Dick sank down on one knee in order to offer a smaller target, and thrust his rifle forward for an instant shot. But the Sioux had stopped and was looking intently at the boy. For fully two minutes neither he nor his horse moved, and Dick almost began to believe that he was the victim of an illusion, the creation of the desolate plains, the night, the floating black vapors, his tense nerves, and heated imagination. He was tempted to try a shot to see if it were real, but the distance and the darkness were too great. He strengthened his will and remained crouched and still, his finger ready for the trigger of his rifle.

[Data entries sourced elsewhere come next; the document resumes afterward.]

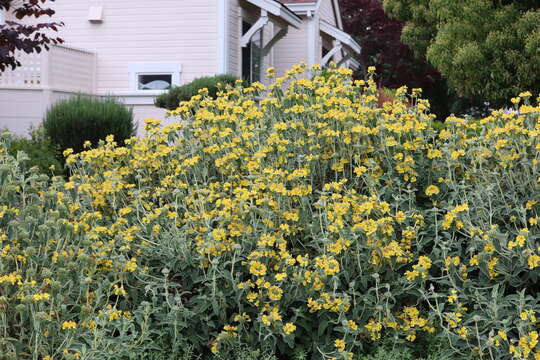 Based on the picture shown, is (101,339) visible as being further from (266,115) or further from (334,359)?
(266,115)

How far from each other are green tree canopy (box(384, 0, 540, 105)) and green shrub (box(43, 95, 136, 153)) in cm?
624

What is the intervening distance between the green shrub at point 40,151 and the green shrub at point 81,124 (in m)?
0.17

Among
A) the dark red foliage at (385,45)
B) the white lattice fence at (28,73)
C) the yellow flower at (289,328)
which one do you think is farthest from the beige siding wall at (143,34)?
the dark red foliage at (385,45)

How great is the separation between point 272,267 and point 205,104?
1414mm

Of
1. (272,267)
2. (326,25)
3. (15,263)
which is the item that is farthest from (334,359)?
(326,25)

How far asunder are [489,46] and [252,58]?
193 inches

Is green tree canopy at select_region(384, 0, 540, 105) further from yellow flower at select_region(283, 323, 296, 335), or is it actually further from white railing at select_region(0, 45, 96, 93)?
yellow flower at select_region(283, 323, 296, 335)

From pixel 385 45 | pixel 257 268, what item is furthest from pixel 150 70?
pixel 385 45

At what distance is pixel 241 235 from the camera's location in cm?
345

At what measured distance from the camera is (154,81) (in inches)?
522

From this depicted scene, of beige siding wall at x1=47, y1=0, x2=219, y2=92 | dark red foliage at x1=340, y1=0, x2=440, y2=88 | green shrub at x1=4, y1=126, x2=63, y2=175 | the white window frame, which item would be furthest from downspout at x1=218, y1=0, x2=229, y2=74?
dark red foliage at x1=340, y1=0, x2=440, y2=88

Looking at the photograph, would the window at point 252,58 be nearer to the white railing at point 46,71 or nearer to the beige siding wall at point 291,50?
the beige siding wall at point 291,50

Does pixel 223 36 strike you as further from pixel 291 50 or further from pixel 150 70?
pixel 291 50

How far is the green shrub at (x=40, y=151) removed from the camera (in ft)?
24.4
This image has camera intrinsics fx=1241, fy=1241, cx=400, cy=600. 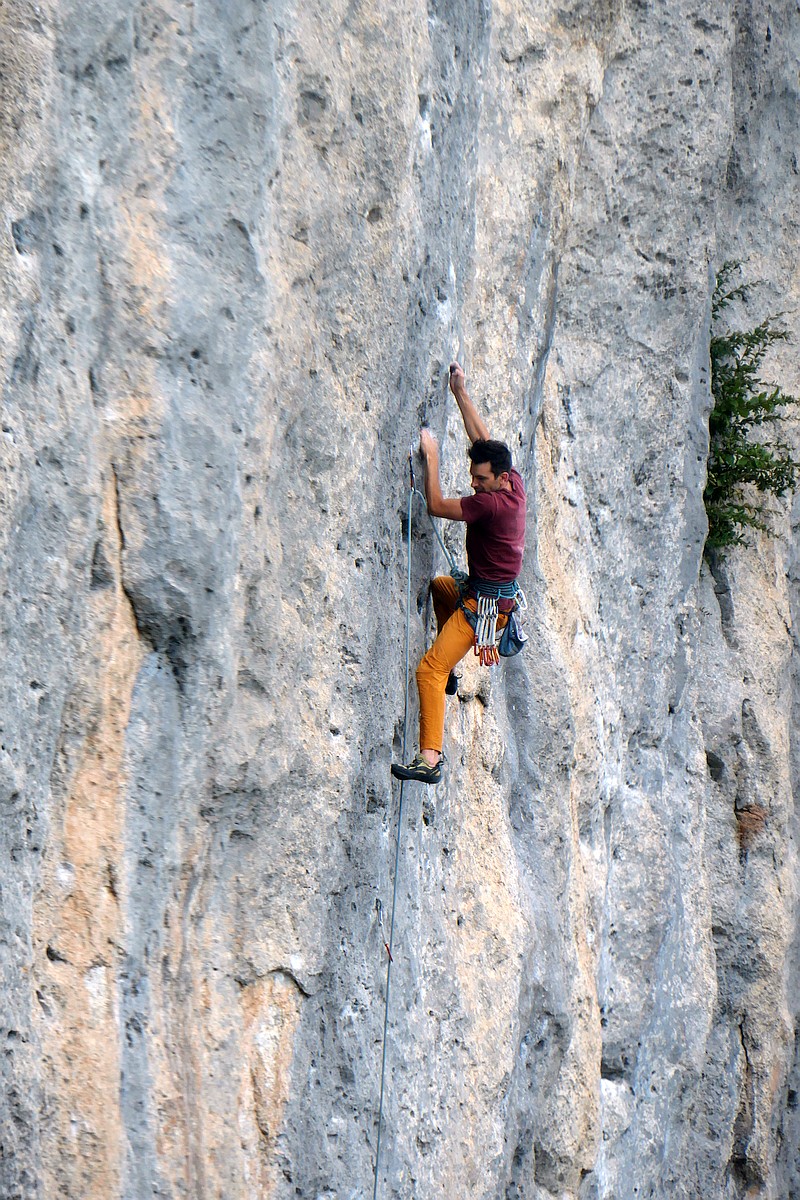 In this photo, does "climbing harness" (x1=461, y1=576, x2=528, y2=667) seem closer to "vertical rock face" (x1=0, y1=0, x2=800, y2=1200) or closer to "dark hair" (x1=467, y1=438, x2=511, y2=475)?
"vertical rock face" (x1=0, y1=0, x2=800, y2=1200)

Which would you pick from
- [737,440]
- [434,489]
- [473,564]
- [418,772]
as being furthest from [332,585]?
[737,440]

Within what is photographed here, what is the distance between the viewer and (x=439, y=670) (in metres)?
5.87

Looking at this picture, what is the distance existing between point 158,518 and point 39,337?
2.65ft

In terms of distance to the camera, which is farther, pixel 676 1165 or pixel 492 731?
pixel 676 1165

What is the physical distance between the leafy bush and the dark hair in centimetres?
452

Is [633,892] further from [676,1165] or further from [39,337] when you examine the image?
[39,337]

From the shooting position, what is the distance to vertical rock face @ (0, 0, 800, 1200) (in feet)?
13.8

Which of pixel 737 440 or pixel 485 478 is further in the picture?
pixel 737 440

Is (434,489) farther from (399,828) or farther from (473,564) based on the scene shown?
(399,828)

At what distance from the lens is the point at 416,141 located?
18.2 ft

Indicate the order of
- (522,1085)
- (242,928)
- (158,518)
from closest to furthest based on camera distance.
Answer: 1. (158,518)
2. (242,928)
3. (522,1085)

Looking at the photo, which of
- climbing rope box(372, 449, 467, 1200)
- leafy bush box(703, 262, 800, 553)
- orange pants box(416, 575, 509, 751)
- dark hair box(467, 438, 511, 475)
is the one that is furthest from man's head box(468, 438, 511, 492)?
leafy bush box(703, 262, 800, 553)

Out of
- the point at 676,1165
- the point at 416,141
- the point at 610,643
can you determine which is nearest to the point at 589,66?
the point at 416,141

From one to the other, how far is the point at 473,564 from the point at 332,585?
2.87 ft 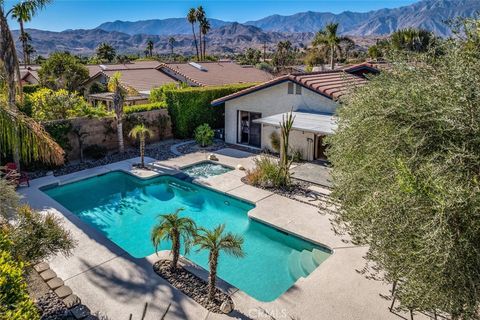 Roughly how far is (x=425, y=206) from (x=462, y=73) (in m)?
2.46

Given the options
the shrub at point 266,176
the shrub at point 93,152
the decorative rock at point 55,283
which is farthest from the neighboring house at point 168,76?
Answer: the decorative rock at point 55,283

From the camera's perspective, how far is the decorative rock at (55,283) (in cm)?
1066

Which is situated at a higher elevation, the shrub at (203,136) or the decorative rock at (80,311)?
the shrub at (203,136)

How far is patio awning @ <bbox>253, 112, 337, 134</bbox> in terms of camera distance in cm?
2011

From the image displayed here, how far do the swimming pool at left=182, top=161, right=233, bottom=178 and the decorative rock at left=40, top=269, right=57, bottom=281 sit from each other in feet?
37.0

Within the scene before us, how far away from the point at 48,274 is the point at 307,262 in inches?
361

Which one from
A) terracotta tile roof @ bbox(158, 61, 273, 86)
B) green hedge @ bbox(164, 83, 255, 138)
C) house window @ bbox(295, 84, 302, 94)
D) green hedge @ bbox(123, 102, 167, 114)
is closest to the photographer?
house window @ bbox(295, 84, 302, 94)

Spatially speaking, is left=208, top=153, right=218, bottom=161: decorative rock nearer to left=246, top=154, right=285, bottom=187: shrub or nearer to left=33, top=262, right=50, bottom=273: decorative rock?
left=246, top=154, right=285, bottom=187: shrub

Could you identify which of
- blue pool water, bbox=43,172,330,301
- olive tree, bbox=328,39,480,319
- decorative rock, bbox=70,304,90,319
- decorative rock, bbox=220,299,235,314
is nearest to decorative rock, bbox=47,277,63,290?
decorative rock, bbox=70,304,90,319

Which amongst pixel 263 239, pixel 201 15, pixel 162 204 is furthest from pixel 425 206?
pixel 201 15

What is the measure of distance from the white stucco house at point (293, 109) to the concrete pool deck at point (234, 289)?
8.52 m

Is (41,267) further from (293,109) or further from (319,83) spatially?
(319,83)

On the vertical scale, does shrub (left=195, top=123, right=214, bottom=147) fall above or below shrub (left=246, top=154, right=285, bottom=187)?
above

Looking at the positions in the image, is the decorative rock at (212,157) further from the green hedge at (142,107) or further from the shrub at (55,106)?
the shrub at (55,106) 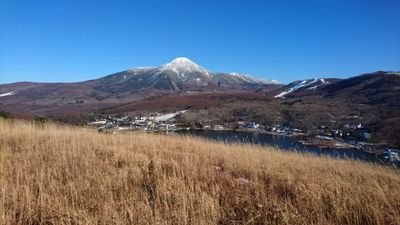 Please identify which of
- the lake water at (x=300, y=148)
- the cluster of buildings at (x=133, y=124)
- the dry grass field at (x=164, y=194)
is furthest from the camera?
the cluster of buildings at (x=133, y=124)

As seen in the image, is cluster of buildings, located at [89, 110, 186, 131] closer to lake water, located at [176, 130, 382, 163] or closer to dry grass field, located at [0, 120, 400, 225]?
lake water, located at [176, 130, 382, 163]

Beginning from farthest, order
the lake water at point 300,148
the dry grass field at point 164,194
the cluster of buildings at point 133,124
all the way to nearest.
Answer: the cluster of buildings at point 133,124 → the lake water at point 300,148 → the dry grass field at point 164,194

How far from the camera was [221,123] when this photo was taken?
218ft

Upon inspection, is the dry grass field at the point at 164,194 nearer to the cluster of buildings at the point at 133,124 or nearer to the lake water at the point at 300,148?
the lake water at the point at 300,148

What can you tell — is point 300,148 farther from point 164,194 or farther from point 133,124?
point 133,124

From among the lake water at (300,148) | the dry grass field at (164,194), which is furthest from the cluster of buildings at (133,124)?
the dry grass field at (164,194)

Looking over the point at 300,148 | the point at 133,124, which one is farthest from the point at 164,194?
the point at 133,124

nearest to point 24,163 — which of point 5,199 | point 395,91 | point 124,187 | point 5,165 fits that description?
point 5,165

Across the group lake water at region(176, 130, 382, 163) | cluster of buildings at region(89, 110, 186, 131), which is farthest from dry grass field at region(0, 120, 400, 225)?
cluster of buildings at region(89, 110, 186, 131)

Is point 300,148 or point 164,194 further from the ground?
point 164,194

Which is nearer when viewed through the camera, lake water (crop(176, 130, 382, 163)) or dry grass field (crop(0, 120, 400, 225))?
dry grass field (crop(0, 120, 400, 225))

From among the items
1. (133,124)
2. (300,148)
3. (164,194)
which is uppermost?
(164,194)

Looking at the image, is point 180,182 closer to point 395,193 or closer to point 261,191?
point 261,191

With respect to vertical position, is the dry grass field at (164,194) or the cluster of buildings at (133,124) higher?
the dry grass field at (164,194) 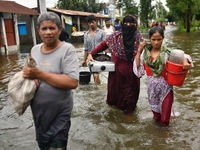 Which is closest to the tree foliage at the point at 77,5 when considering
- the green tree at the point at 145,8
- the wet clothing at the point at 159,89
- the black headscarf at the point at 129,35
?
the green tree at the point at 145,8

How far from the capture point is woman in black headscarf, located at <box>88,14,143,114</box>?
13.9 feet

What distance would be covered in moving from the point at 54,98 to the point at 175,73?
179cm

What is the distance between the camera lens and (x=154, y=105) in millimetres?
3947

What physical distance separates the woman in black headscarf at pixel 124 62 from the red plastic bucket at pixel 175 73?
0.92 m

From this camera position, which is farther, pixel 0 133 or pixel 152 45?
pixel 0 133

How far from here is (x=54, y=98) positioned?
230cm

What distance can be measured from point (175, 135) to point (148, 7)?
51613mm

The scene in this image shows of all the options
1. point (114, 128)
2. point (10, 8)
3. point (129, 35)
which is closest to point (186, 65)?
point (129, 35)

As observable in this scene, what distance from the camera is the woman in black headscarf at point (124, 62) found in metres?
4.23

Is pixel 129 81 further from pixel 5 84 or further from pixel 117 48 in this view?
pixel 5 84

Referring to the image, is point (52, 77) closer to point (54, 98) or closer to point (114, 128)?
point (54, 98)

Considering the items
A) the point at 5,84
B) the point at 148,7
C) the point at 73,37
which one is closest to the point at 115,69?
the point at 5,84

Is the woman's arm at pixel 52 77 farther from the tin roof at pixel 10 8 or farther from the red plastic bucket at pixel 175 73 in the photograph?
the tin roof at pixel 10 8

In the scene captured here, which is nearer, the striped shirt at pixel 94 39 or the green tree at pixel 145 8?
the striped shirt at pixel 94 39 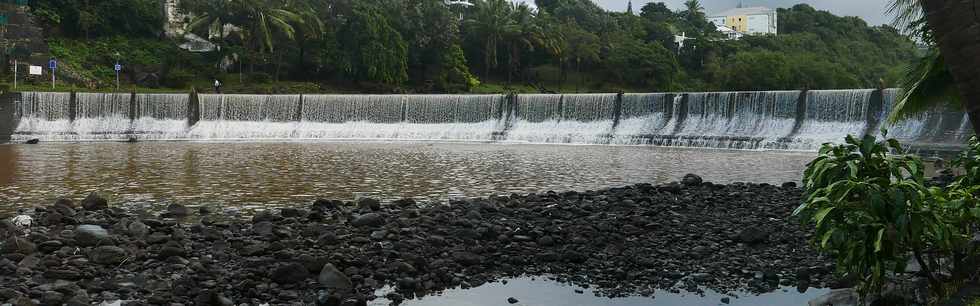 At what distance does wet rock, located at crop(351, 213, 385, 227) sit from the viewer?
8328mm

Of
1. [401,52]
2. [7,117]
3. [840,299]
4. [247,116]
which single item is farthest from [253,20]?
[840,299]

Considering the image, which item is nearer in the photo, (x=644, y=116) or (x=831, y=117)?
(x=831, y=117)

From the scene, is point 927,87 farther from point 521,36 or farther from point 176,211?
point 521,36

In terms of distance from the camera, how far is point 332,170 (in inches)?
655

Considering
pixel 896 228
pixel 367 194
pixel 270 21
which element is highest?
pixel 270 21

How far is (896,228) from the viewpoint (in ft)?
13.3

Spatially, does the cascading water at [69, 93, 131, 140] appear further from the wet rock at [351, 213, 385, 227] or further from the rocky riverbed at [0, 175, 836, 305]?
the wet rock at [351, 213, 385, 227]

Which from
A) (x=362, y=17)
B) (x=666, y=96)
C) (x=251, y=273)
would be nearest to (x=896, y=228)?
(x=251, y=273)

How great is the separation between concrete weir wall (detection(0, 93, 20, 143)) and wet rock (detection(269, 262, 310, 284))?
82.7 feet

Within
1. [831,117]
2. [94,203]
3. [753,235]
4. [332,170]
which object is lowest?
[332,170]

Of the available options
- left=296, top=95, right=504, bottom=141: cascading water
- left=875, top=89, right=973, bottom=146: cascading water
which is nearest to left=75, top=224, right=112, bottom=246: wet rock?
left=875, top=89, right=973, bottom=146: cascading water

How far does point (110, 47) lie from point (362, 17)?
467 inches

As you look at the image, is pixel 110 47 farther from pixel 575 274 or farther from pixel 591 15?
pixel 575 274

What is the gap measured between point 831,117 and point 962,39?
895 inches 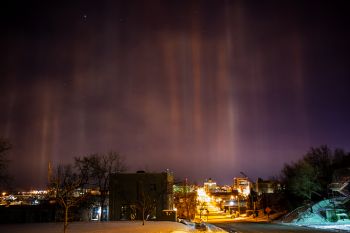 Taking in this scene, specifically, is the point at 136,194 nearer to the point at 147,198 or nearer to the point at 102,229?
the point at 147,198

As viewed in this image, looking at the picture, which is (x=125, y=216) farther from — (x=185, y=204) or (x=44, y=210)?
(x=185, y=204)

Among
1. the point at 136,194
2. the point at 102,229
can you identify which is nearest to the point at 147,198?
the point at 136,194

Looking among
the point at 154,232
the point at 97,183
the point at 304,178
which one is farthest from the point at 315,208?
the point at 154,232

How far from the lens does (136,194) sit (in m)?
74.6

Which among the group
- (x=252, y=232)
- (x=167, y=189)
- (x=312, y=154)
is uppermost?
(x=312, y=154)

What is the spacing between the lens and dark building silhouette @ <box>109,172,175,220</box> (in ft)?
240

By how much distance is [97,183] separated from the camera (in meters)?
76.2

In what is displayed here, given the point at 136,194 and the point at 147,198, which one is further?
the point at 136,194

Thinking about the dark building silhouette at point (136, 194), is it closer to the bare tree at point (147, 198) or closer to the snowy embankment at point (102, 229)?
the bare tree at point (147, 198)

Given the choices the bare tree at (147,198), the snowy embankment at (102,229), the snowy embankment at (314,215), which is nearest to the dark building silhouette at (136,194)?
the bare tree at (147,198)

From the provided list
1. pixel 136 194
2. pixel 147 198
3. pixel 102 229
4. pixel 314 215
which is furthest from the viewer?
pixel 136 194

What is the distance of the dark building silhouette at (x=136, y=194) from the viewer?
240 ft

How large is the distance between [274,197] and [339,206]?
48052 mm

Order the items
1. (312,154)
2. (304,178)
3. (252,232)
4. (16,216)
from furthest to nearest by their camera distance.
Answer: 1. (312,154)
2. (304,178)
3. (16,216)
4. (252,232)
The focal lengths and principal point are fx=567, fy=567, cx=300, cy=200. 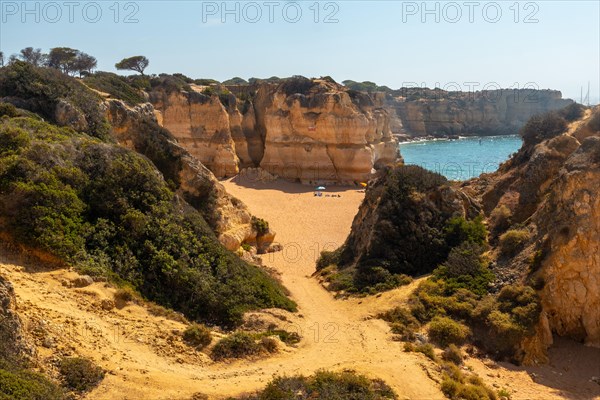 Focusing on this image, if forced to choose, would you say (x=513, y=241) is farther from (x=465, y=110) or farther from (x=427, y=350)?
(x=465, y=110)

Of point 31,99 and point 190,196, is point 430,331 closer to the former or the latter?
point 190,196

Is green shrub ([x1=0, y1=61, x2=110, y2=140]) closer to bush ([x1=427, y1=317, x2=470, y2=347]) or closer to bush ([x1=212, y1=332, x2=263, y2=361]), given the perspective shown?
bush ([x1=212, y1=332, x2=263, y2=361])

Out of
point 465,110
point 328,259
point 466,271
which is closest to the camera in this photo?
point 466,271

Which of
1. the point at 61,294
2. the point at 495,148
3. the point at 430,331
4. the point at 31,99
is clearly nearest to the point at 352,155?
the point at 31,99

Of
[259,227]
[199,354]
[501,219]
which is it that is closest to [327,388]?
[199,354]

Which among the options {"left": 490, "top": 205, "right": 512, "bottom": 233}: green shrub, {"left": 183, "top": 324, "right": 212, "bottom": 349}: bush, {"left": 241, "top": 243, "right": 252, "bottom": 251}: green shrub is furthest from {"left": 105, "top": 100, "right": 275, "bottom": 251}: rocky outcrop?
{"left": 183, "top": 324, "right": 212, "bottom": 349}: bush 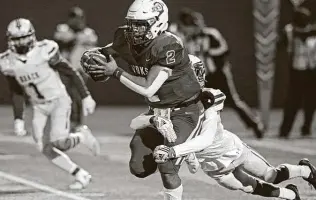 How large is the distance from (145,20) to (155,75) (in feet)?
1.38

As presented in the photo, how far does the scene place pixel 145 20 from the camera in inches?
290

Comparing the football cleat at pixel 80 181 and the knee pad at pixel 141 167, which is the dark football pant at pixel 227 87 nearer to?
the football cleat at pixel 80 181

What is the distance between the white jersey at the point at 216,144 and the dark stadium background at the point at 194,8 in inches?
509

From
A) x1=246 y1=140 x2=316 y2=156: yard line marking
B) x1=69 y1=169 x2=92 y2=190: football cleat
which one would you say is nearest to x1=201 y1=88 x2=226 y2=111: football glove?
x1=69 y1=169 x2=92 y2=190: football cleat

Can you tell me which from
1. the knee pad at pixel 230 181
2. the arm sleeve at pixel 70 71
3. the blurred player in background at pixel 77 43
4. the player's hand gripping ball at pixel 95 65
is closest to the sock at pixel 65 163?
the arm sleeve at pixel 70 71

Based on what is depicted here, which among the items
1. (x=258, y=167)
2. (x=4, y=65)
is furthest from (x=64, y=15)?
(x=258, y=167)

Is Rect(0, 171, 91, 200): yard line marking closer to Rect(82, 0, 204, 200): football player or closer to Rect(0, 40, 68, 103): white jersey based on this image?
Rect(0, 40, 68, 103): white jersey

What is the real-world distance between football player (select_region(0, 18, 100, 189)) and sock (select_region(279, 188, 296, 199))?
2.61 meters

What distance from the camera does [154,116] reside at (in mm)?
7516

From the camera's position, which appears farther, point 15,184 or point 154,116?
point 15,184

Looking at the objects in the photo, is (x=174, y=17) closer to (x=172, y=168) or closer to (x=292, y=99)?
(x=292, y=99)

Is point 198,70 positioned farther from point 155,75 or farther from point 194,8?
point 194,8

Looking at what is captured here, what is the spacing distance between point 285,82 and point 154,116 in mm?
13732

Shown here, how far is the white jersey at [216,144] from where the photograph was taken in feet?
25.0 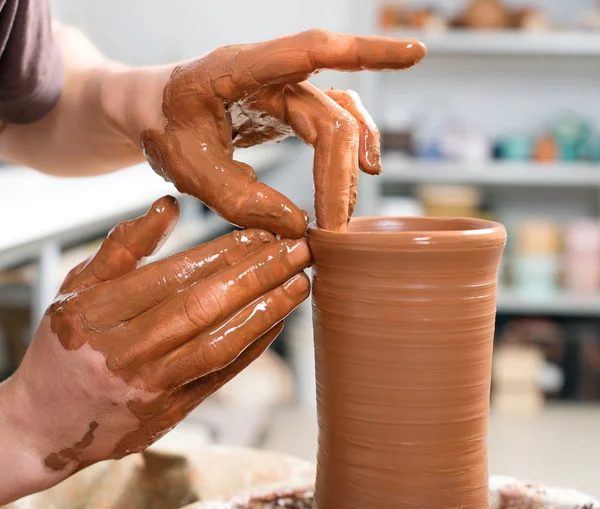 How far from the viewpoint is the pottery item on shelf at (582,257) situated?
306 cm

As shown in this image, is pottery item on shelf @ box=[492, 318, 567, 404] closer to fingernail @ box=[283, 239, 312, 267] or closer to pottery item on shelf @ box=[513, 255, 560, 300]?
pottery item on shelf @ box=[513, 255, 560, 300]

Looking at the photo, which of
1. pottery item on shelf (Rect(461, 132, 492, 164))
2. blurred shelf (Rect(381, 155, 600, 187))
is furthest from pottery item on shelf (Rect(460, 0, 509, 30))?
blurred shelf (Rect(381, 155, 600, 187))

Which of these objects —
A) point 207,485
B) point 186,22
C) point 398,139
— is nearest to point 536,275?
point 398,139

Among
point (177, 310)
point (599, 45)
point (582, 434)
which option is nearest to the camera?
point (177, 310)

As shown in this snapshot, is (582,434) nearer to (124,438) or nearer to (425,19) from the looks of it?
(425,19)

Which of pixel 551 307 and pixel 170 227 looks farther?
pixel 551 307

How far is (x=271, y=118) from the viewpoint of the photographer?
835mm

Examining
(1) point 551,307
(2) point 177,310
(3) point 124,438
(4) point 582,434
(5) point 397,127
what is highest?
(2) point 177,310

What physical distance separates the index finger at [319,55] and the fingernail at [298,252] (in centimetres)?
17

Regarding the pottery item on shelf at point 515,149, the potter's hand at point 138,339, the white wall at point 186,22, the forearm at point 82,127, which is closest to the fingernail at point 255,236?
the potter's hand at point 138,339

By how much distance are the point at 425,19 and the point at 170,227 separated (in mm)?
2653

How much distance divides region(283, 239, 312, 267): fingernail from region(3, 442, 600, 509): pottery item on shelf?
0.28 meters

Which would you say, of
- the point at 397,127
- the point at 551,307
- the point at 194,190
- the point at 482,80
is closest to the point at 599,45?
the point at 482,80

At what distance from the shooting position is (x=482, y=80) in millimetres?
3568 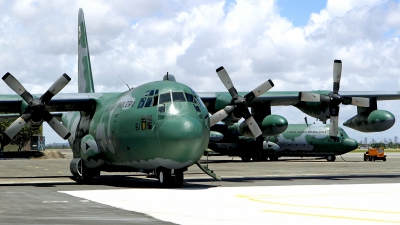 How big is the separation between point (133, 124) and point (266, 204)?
828 cm

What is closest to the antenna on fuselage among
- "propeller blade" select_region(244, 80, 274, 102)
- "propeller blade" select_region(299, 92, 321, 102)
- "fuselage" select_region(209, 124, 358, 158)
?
"propeller blade" select_region(244, 80, 274, 102)

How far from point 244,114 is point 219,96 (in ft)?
7.69

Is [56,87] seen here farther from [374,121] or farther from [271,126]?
[374,121]

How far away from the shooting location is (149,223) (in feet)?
37.7

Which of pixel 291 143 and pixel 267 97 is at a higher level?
pixel 267 97

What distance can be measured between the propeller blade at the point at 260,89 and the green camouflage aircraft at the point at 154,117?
45mm

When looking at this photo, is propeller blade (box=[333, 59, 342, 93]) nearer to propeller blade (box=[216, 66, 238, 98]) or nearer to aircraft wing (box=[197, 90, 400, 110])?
aircraft wing (box=[197, 90, 400, 110])

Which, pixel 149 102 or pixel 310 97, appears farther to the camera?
pixel 310 97

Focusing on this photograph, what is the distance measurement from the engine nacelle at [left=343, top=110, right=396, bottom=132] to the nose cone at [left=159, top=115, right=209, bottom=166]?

The Sioux and his horse moved at last, but they did not come forward; they rode slowly toward the right, curving in a circle about the kneeling boy, but coming no nearer. They were still vague and indistinct, but they seemed blended into one, and the supernatural aspect of the misty form of horse and rider increased. The horse trod lightly now, and Dick no longer heard the sound of footsteps, only the bitter moaning of the wind over the vast dark spaces.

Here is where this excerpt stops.